Each one of our four hypothetical generations will suffer, with the youngest suffering the most as the negative economic effects compound. Each will be worse off than they would have been, had the government followed a sustainable spending course. With each succeeding generation likely being worse off than its predecessor, we have a complete reversal of what has been inherently the American dream. Call it an American nightmare. Its manifestations will be many: falling values of securities, akin to the current financial crisis, as capital is withdrawn from the country; rising interest rates as the federal government seeks to borrow more and more, and is judged to be less and less a good risk; and rising prices, as the currency is devalued by inflation.

The effects will ubiquitous. Investment portfolios will wither, but without the prospect of recovery, as in normal private sector-centered downturns. Increased interest rates will foreclose any purchase -- from house to car to anything so large that it needs financing. And inflation's erosion of the currency will demonstrate the veracity of economist John Maynard Keynes' remarks a century earlier: "There is no subtler, no surer means of overturning the existing basis of society than to debauch the currency. The process engages all the hidden forces of economic law on the side of destruction, and it does it in a manner which not one man in a million is able to diagnose."

So rejoining our hypothetical family: The original parent, now 96, is likely to see any remaining savings evaporate under inflationary pressure. The child, now 70, will see retirement as impossible. The grandchild, now 45, will be in peak earning years and shouldering the burden of those record revenue demands. And the great-grandchild, now 20, will be facing an abysmal economic climate in which to find a job and begin an adult life. That is the real cost of otherwise incomprehensible budget figures.

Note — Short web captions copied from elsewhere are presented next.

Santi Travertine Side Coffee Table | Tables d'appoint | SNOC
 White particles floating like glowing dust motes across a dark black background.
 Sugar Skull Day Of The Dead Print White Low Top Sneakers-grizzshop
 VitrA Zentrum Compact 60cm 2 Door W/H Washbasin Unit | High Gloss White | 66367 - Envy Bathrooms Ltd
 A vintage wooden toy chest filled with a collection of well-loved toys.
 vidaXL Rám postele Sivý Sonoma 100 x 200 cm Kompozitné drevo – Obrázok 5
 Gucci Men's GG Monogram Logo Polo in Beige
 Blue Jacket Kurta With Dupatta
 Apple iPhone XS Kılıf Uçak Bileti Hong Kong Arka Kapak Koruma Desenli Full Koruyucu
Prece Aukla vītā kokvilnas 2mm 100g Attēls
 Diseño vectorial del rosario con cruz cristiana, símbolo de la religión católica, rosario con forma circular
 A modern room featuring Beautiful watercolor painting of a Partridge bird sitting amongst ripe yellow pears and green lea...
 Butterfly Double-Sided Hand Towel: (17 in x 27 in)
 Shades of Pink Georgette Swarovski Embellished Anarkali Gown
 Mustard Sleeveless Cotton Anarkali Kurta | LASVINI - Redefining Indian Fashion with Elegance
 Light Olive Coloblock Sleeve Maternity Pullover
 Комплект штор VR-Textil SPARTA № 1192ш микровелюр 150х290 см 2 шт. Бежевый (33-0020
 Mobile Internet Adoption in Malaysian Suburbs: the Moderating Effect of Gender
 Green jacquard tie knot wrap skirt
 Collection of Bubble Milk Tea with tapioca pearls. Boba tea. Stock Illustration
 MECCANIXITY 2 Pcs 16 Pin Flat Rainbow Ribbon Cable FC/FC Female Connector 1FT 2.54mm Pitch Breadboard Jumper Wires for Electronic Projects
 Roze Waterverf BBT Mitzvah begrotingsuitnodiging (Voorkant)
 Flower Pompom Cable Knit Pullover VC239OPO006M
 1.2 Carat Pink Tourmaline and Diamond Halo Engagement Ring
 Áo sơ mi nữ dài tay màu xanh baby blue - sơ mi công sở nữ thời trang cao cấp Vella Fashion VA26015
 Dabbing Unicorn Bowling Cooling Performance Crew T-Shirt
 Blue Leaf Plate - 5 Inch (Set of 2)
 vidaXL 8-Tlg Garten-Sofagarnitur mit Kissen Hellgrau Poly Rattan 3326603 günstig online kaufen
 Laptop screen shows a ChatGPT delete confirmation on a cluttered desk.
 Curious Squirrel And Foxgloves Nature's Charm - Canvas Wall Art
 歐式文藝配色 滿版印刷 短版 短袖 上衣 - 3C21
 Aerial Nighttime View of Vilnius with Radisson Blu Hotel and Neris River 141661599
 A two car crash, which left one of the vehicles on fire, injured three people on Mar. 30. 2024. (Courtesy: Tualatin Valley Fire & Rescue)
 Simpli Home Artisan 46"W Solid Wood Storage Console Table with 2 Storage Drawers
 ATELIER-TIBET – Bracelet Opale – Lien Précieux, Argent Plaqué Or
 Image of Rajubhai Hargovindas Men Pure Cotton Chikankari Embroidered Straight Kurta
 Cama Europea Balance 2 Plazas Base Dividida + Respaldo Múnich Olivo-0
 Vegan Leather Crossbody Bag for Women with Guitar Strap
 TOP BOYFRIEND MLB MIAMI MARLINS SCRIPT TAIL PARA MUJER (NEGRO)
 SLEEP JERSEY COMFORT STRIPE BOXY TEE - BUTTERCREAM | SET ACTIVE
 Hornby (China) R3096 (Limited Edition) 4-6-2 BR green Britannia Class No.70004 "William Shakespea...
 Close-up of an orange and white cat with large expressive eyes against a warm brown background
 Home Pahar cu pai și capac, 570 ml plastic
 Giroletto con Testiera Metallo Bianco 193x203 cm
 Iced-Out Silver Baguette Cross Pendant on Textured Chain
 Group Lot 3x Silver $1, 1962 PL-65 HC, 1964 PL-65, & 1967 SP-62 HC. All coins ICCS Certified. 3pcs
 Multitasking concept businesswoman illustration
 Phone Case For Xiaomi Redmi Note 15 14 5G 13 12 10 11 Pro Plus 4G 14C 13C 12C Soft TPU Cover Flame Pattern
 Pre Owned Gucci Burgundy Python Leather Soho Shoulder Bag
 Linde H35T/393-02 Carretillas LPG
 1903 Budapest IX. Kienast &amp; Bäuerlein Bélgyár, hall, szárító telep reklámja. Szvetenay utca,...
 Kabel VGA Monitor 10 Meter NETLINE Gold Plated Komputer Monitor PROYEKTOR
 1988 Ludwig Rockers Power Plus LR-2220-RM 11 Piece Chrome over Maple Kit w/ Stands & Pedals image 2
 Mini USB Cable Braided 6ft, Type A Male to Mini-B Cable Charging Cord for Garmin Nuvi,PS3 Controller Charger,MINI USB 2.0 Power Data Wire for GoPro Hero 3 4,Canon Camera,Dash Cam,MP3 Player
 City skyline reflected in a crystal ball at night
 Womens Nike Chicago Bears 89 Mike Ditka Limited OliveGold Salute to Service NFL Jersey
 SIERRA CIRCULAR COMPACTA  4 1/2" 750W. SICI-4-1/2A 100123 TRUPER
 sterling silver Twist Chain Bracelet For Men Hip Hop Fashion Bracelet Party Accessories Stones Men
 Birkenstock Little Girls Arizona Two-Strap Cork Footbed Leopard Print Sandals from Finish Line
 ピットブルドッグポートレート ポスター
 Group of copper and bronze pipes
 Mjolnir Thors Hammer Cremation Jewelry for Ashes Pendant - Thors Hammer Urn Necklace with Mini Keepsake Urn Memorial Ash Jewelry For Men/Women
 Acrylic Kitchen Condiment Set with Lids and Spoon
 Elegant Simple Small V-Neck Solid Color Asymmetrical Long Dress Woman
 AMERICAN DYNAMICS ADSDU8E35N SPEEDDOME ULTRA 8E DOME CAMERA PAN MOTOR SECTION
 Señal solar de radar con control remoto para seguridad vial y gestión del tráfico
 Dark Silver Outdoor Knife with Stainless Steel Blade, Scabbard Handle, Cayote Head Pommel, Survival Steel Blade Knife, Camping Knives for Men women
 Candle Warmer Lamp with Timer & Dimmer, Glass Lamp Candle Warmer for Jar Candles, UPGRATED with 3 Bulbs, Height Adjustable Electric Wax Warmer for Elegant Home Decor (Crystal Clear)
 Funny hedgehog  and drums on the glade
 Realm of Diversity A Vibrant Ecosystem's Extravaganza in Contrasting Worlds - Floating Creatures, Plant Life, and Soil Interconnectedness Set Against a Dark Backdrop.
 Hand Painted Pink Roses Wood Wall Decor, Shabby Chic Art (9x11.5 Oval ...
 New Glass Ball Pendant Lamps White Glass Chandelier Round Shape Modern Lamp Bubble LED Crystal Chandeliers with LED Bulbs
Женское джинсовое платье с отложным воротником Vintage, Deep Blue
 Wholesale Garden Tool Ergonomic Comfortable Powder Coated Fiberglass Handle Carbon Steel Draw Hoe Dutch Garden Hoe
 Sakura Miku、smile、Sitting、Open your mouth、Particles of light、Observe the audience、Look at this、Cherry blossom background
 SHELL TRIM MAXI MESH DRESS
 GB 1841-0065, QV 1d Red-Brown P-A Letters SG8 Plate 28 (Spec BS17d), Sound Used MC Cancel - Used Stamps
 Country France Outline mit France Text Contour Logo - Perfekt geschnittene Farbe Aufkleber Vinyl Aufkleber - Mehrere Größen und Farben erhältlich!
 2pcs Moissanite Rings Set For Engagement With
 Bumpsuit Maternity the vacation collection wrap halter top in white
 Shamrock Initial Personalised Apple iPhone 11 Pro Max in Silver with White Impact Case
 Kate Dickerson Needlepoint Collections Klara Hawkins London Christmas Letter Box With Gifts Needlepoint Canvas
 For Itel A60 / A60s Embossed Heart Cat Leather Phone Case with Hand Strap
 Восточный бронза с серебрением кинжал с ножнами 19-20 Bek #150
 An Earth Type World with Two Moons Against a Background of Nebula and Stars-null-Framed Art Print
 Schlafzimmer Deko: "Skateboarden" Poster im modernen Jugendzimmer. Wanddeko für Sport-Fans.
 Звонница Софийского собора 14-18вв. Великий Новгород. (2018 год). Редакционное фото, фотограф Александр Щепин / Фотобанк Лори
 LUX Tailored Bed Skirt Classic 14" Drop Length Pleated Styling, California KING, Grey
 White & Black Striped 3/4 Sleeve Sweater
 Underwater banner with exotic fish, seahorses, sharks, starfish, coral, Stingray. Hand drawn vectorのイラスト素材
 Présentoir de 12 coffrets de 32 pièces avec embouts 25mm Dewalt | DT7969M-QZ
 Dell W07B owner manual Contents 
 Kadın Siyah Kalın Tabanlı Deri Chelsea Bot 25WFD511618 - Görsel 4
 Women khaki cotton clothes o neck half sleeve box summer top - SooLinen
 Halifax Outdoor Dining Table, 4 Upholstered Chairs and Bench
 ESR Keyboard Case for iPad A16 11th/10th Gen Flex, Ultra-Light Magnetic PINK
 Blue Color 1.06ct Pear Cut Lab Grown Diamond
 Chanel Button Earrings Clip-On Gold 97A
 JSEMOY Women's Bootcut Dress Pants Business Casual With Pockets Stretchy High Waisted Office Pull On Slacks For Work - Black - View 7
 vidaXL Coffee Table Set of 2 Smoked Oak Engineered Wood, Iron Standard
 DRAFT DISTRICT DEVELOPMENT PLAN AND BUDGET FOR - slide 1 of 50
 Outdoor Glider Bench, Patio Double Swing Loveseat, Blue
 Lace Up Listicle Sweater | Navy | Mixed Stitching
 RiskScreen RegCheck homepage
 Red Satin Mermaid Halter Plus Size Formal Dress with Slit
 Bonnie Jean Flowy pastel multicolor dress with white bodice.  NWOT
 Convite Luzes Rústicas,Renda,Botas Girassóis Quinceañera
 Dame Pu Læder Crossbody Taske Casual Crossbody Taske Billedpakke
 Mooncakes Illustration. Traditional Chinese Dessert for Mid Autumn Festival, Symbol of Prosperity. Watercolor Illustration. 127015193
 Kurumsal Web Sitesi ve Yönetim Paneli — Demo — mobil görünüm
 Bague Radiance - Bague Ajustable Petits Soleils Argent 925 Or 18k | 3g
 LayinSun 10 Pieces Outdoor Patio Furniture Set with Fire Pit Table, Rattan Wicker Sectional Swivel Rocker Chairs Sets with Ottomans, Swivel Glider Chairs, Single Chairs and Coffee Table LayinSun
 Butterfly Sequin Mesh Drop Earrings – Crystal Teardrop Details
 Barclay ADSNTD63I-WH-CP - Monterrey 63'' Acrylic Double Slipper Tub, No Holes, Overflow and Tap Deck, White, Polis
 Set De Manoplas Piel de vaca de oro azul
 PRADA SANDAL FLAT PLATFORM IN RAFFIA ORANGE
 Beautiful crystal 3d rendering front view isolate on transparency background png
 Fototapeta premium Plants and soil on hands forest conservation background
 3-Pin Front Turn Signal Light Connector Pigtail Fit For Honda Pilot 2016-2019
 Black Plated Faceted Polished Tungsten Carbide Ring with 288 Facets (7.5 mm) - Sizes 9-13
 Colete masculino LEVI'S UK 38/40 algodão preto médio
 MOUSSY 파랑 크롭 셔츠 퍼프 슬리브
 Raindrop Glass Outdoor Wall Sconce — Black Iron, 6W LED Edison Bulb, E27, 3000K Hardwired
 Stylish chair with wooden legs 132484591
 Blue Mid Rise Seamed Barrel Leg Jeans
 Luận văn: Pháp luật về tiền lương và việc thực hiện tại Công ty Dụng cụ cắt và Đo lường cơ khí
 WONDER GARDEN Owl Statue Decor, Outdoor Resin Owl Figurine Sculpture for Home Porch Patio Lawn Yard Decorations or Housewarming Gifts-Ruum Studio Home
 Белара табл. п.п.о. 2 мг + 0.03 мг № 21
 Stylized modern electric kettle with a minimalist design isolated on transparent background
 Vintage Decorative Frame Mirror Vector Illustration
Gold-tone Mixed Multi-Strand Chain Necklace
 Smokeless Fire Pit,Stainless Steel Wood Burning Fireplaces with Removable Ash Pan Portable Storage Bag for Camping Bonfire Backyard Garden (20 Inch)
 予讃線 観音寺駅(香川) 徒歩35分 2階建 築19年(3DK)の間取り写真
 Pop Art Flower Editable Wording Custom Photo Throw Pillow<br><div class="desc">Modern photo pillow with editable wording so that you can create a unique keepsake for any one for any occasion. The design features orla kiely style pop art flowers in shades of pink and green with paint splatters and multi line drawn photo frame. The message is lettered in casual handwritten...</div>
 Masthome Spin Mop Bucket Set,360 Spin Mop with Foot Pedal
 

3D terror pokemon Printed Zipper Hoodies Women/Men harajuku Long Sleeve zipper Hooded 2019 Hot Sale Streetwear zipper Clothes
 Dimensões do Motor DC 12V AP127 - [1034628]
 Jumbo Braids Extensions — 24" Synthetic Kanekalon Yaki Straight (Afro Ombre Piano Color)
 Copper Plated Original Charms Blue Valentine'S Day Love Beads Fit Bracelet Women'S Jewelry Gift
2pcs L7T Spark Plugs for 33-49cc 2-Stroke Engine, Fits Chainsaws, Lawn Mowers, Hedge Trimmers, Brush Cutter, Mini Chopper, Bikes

Albert Einstein commented that compound interest was the most powerful force in the universe. Looking at the wreckage of this fiscal forecast, it would be tempting to say that compound debt then is the universe's most destructive force. But that would be to miss-label cause for effect. As these numbers show, the universe's most destructive force is actually uncontrolled government spending. Government can neither tax nor borrow its way past persistent profligacy. The economic consequences are inescapable and dire: it matters little whether one is submerged in taxes or debt, one is just as drowned. A government, which spends more than its economy creates for a sustained period of time, will not long survive and will take the country with it. The only alternative, and it is an alternative that will be eventually economically enforced, is to have government spending grow no faster, and ideally less, than its economy.

J.T. Young served in the Department of Treasury and the Office of Management and Budget from 2001 -2004 and as a Congressional staff member from 1987-2000.